Despido libre y cambio de cultura

Que un empresario, Adolfo Domínguez o cualquier otro, esté a favor del despido libre (entiéndase gratuito, porque libre ya es) resulta tan comprensible como que un trabajador esté en contra. Formarse una opinión ideológica es igual de sencillo: sólo hace falta pensar en un empresario explotador o en un empleado vago. Los arquetipos simples ayudan a construir el discurso y además en este caso el arquetipo nacional también contribuye: los españoles somos un desastre, necesitamos normas que nos impidan en un calentón liarnos a jamonazos, nos encanta la autoridad para abusar de ella y somos los campeones del escaqueo. Tópicos, tópicos y más tópicos.

Lo malo es que los empresarios explotadores o las grandes empresas ya tienen recursos suficientes para despedir a quien quieran cuando quieran. Y los que no son explotadores o las pymes sólo tienen dificultades para despedir si han sido incapaces de provisionar las indemnizaciones pertinentes. De modo que el despido libre o más barato no cambiaría demasiado las cosas. Salvo en la Administración, pero ese es otro tema.

Que la economía española viva una suerte de caída libre sólo tiene dos vías de solución: o trabajamos como chinos (es una manera de hablar, en realidad habría que trabajar como los de Singapur), es decir, bajos salarios y alto rendimiento, o como suizos (si lo prefiere, como estadounidenses, suecos, daneses, alemanes o finlandeses), o sea, con valor añadido. También podemos plantearlo en términos de fabricación o creación.

Aunque se puede enfocar el asunto de otra manera: o emprendemos o nos emplean.

E incluso, utilizando un ejemplo que España conoce bien, podemos ser un país de promotores/especuladores, constructores/ingenieros o de fontaneros/electricistas/encofradores. Todos los trabajos son igual de dignos (bueno, el de especulador algo menos) pero para la riqueza de un país no es lo mismo ser los mejores promotores, los mejores arquitectos o los mejores albañiles del mundo. Y en algo hay que ser los mejores.

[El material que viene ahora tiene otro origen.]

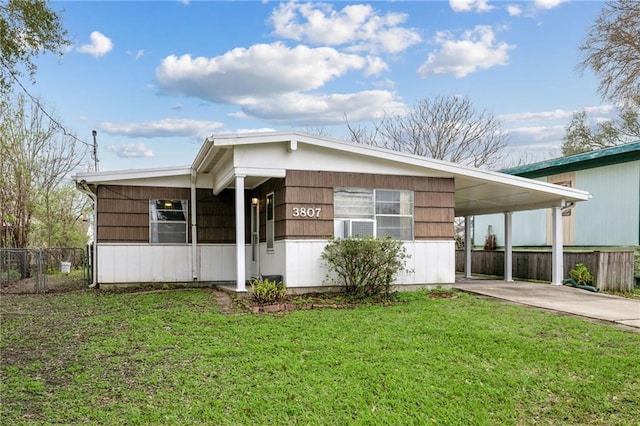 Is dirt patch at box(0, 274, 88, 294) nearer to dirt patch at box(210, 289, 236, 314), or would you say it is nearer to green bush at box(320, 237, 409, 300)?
dirt patch at box(210, 289, 236, 314)

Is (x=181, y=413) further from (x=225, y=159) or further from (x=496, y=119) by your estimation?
(x=496, y=119)

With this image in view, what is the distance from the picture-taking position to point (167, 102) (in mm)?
15922

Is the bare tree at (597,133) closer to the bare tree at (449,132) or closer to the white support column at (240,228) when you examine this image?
the bare tree at (449,132)

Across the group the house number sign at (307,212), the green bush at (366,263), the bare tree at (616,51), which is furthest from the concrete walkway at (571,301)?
the bare tree at (616,51)

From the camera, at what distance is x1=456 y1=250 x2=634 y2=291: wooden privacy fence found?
11.8 m

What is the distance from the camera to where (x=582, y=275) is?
11930mm

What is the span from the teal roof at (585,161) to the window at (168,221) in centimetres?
1179

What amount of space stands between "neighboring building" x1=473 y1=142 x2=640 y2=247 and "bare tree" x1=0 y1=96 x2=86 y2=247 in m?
17.5

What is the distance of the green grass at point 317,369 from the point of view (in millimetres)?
3912

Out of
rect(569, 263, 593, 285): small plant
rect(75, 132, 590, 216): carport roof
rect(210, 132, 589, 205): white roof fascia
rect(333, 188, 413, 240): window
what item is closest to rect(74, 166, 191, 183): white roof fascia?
rect(75, 132, 590, 216): carport roof

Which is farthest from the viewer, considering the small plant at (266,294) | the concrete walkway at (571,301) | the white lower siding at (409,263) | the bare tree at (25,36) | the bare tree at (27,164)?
the bare tree at (27,164)

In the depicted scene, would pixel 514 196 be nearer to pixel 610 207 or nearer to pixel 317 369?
pixel 610 207

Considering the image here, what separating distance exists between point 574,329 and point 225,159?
22.8 ft

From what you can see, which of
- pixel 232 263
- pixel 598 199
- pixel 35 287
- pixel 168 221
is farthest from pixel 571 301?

Internacionalmente se sabe que la flexibilidad laboral incrementa la competitividad, pero también la ausencia de especulación, la reducción de la burocracia y, naturalmente, la innovación tecnológica y la investigación científica, es decir, la calidad en la educación superior. Y todo esto está muy bien pero choca de pleno con la cultura del Pocero o del Hidalgo, la cultura de funcionario o el trabajo fijo (que no es fijo, sino indefinido), la cultura del monto un bar y voy tirando, del que inventen ellos, del monopolio o el trato de favor, de la subvención y el clientelismo con la Administración de turno, la de la Universidad de pacotilla y saldos... En una palabra, la clave es la cultura.

Sólo una reflexión más: si en las épocas del dinero fácil cada español que se ha hipotecado a 30 o 50 años una media de 200 ó 300.000 euros hubiera dedicado ese dinero a la creación de riqueza (algo impensable porque los bancos tampoco se lo prestarían, ¡qué riesgo!) a lo mejor ahora tendrían una casa mejor y más barata y España no estaría en el ranking 33 de los países más competitivos del mundo, según el Foro Económico Mundial.